Due to slower than expected recruitment and funding constraints, recruitment was ceased after 23 months. Thirty participants (14 PT and 16 control) were randomised and 28 (14 PT and 14 control; 93%) and 22 (11 PT and 11 control; 73%) completed week 14 and 24 measurements, respectively. For the 14-week primary outcomes, the PT group showed significantly greater improvements on the iHOT-33 (mean difference 14.2 units; 95% CI 1.2 to 27.2) and sport subscale of the HOS (13.8 units; 95% CI 0.3 to 27.3). There were no significant between-group differences at week 24.
An individual PT treatment and rehabilitation programme may augment improvements in patient-reported outcomes following arthroscopy for FAI syndrome.
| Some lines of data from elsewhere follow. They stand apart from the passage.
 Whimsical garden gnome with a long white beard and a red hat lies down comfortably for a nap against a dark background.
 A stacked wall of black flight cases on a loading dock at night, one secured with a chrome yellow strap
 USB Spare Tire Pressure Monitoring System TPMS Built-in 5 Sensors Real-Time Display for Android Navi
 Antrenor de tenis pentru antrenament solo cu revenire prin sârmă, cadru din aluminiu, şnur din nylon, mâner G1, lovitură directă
However, given the small sample size, larger trials are needed to validate the findings.
Trial registered with the Australian New Zealand Clinical Trials Registry :ACTRN12613000282785, Results.
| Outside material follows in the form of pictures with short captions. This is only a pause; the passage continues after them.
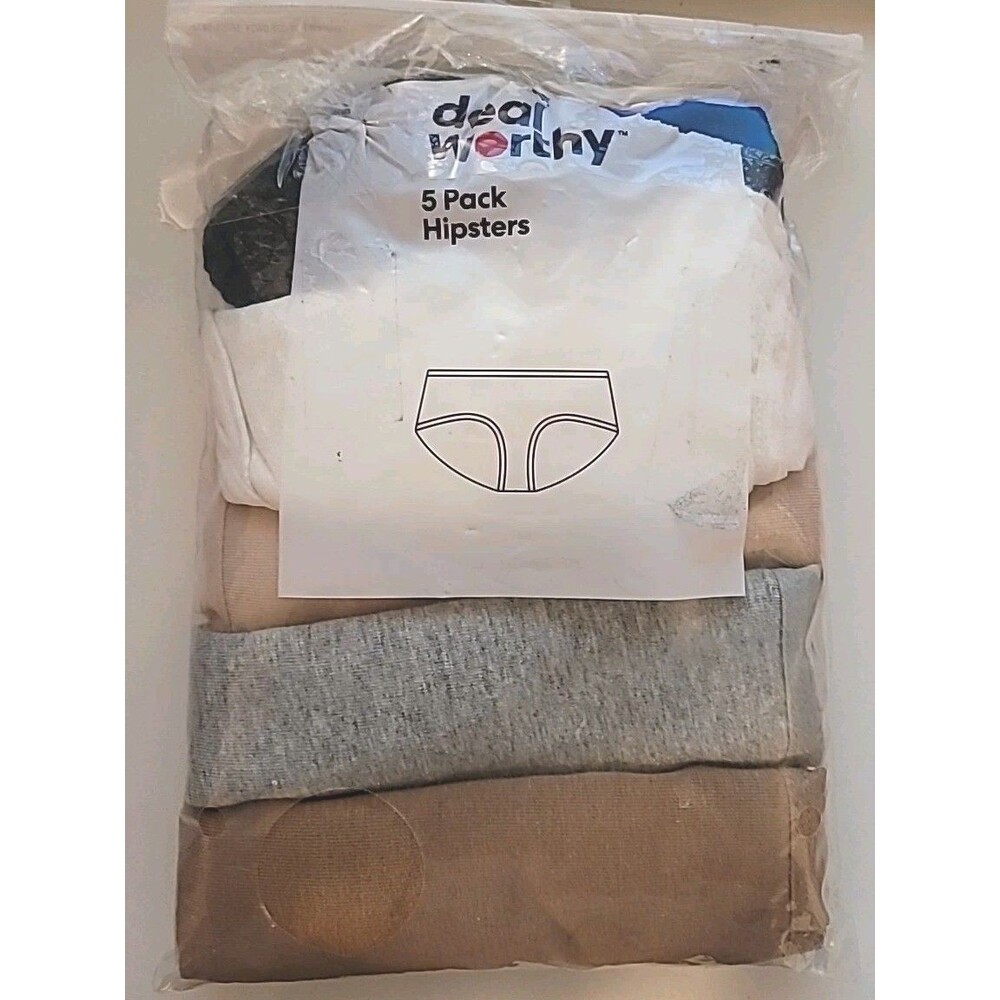 Dealworthy 4 Pack Women's Hipster Briefs, Size L, Damaged Packaging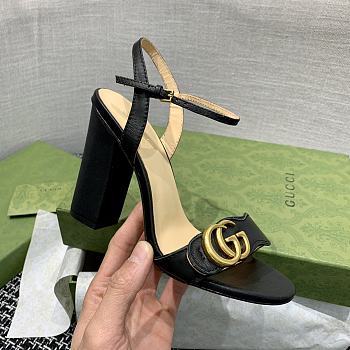 Gucci Black Leather Sandal 10cm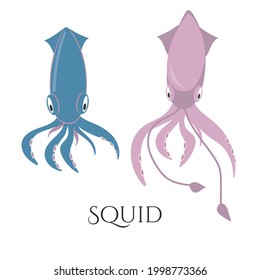  Two pink and blue cartoon squid, isolated on white background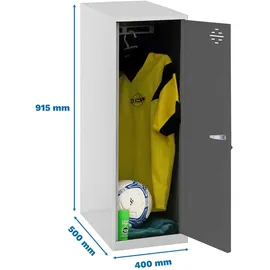 simonlocker montadas SimonRack Metallschrank Single mini 91,5 x 40 x 50 cm Grau/Anthrazit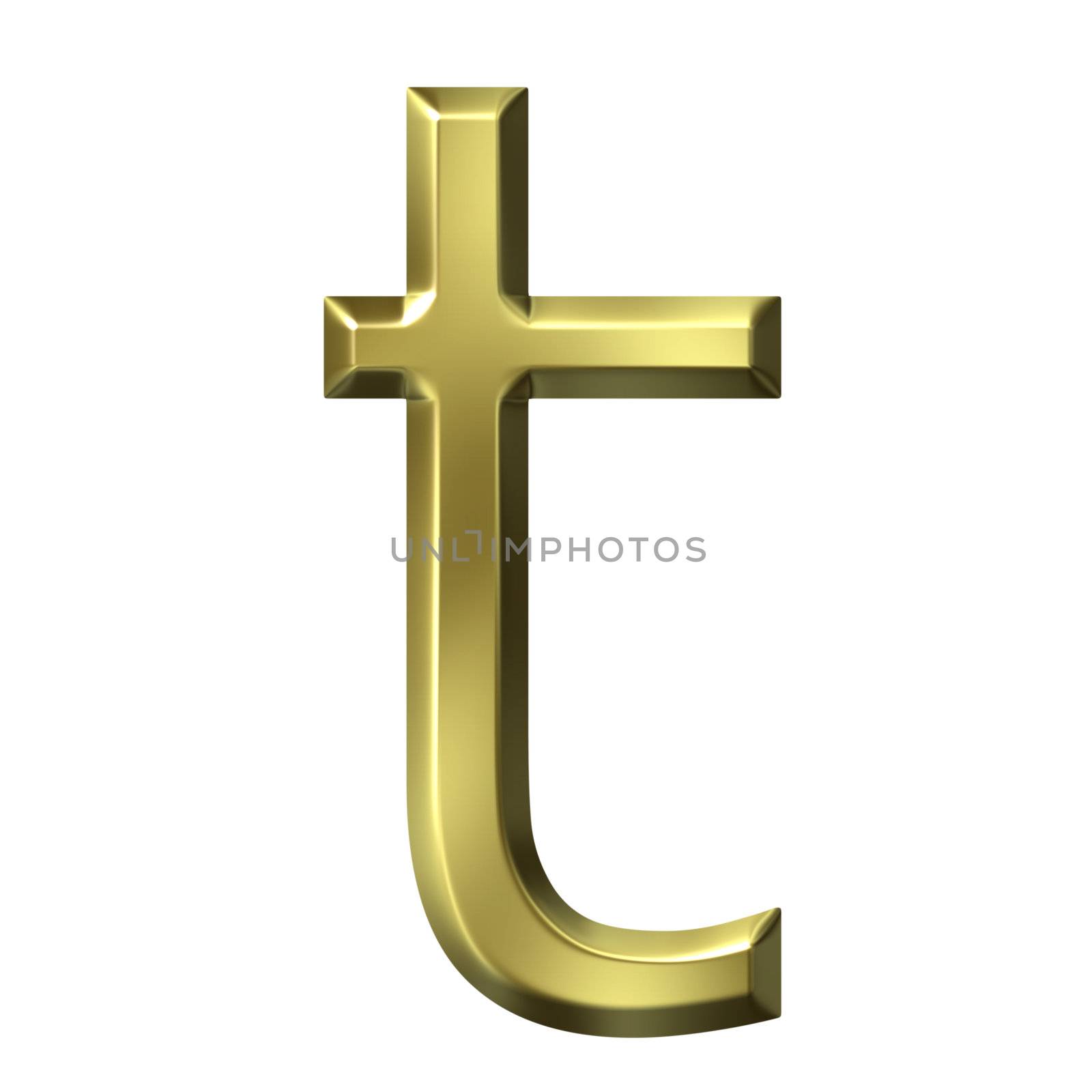 3d golden letter t by Georgios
尽管已有多项关于髋关节镜治疗股骨髋臼撞击症(FAI)综合征后的康复方案被描述,但尚无临床试验评估与自主康复相比,由物理治疗师制定的正规康复方案是否能改善恢复情况。本研究的目的是评估在FAI综合征的关节镜手术基础上增加物理治疗师制定的康复方案的疗效。
随机对照试验。
招募年龄≥16岁、计划接受髋关节镜治疗FAI综合征的患者,并随机分配至物理治疗(PT)组或对照组。PT组接受7次PT治疗(术前1次,术后6次),包括教育、手法治疗以及家庭、水上和健身房锻炼的渐进性康复方案,而对照组不进行PT康复。在基线(术前2周)、术后14周和24周进行测量。主要结局指标是术后14周时的国际髋关节结局工具(iHOT-33)和髋关节结局评分(HOS)的运动子量表。
由于招募速度慢于预期且资金受限,23个月后停止招募。30名参与者(14名PT组和16名对照组)被随机分组,分别有28名(14名PT组和14名对照组;93%)和22名(11名PT组和11名对照组;73%)完成了14周和24周的测量。对于14周的主要结局指标,PT组在iHOT-33(平均差异14.2分;95%CI 1.2至27.2)和HOS运动子量表(13.8分;95%CI 0.3至27.3)上的改善明显更大。在24周时,组间差异无统计学意义。
个体化的PT治疗和康复方案可能会增强FAI综合征关节镜手术后患者报告结局的改善。然而,鉴于样本量小,需要更大规模的试验来验证这些发现。
在澳大利亚新西兰临床试验注册中心注册的试验:ACTRN12613000282785,结果。